Sous l’Archonte Mnésiphile (19), dans une assemblée extraordinaire convoquée par les stratèges, de l’avis des prytanes et du Conseil, le 10 de la 3e décade de Mœmactérion, Callisthène de Phalère, fils d’Étéonikos, a dit :

Nul Athénien, sous aucun prétexte, ne passera la nuit à la campagne. Ils se rendront tous dans la ville et au Pirée, excepté ceux qui sont distribués dans les garnisons. Chacun de ces derniers gardera son poste, et ne s’en écartera ni jour ni nuit.

[38] Toute contravention au présent décret sera punie comme trahison, sauf la preuve de l’impossibilité d’obéir. Seront juges de l’excuse le stratège de service (20), le trésorier, le greffier du Conseil.

Tous les effets qui sont à la campagne seront transportés au plus vite dans Athènes et dans le Pirée, si la distance n’excède pas 120 stades ; dans Éleusis, Phylé, Aphidna, Rhamnonte et Sunium, si la distance est plus grande.

Proposé par Callisthène de Phalère.

Est-ce dans cet espoir que vous faisiez la paix ? Sont-ce là les promesses de ce mercenaire ? [39] — Lis aussi la lettre que bientôt après Philippe nous envoya.

Lettre de Philippe.

Le roi des Macédoniens, Philippe, au Conseil et au Peuple d’Athènes, joie !

Sachez que nous avons franchi les Thermopyles, et soumis la Phocide. Dans les places qui se sont rendues nous avons mis garnison ; celles qui ont résisté ont été emportées d’assaut et rasées, leurs habitants vendus. J’apprends que vous vous disposez à secourir les Phocidiens, et je vous écris pour vous épargner une peine superflue. En général, votre conduite ne me semble nullement régulière : vous concluez la paix avec moi, et vous marchez contre moi ! et pour qui ? pour cette Phocide qui n’est point comprise dans nos traités (21) ! Si vous violez nos conventions, vous n’y gagnerez que le titre d’injustes agresseurs.

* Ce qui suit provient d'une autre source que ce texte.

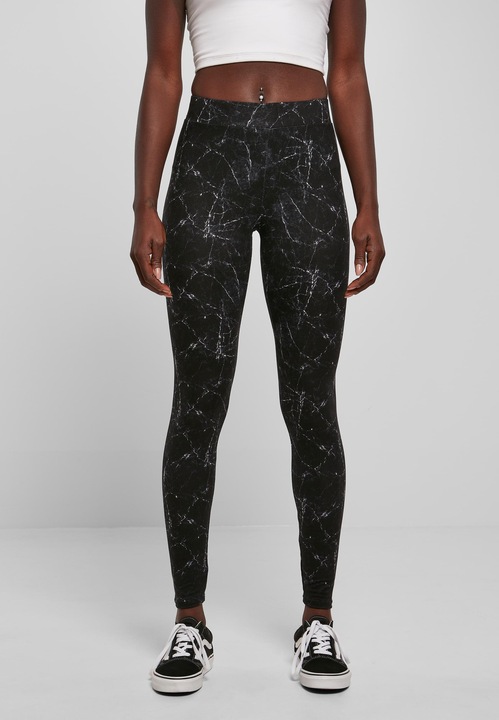 Actual product image Urban Classics Ladies Soft AOP Leggings (XS)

[40] Vous l’entendez : dans une lettre à vous adressée, Philippe fait à ses alliés cette déclaration précise : « J’ai agi de la sorte en dépit d’Athènes et de son chagrin. Si donc vous êtes sensés, Thébains et Thessaliens, vous la tiendrez pour ennemie, et c’est en moi que vous prendrez confiance. » Voilà, sous d’autres termes, ce qu’il veut faire entendre. Aussi, par cette politique, il entraîna ces peuples, et leur ôta si bien toute prévoyance, tout sentiment, qu’ils le laissèrent maître chez eux. De là, les calamités dont gémissent aujourd’hui les Thébains. [41] Et celui qui a conspiré avec Philippe pour établir cette fatale confiance ; celui qui, par de faux rapports, s’est ici joué de vous, est le même qui déplore maintenant les infortunes de Thèbes et en fait un récit lamentable ; lui, l’auteur de ces désastres, et de ceux de la Phocide, et de tous les malheurs de la Grèce ! Sans doute, Eschine, tu pleures de tels événements, tu t’attendris sur tes Thébains, toi qui, devenu propriétaire en Béotie, cultives les champs qu’ils ont possédés ! Et moi je m’en réjouis, moi dont le destructeur de Thèbes se hâta de demander la tête (22) ! [42] Mais je suis tombé sur un sujet dont il conviendra mieux de parler un peu plus tard. Je reviens à prouver que la vénalité, que le crime ont causé nos malheurs actuels.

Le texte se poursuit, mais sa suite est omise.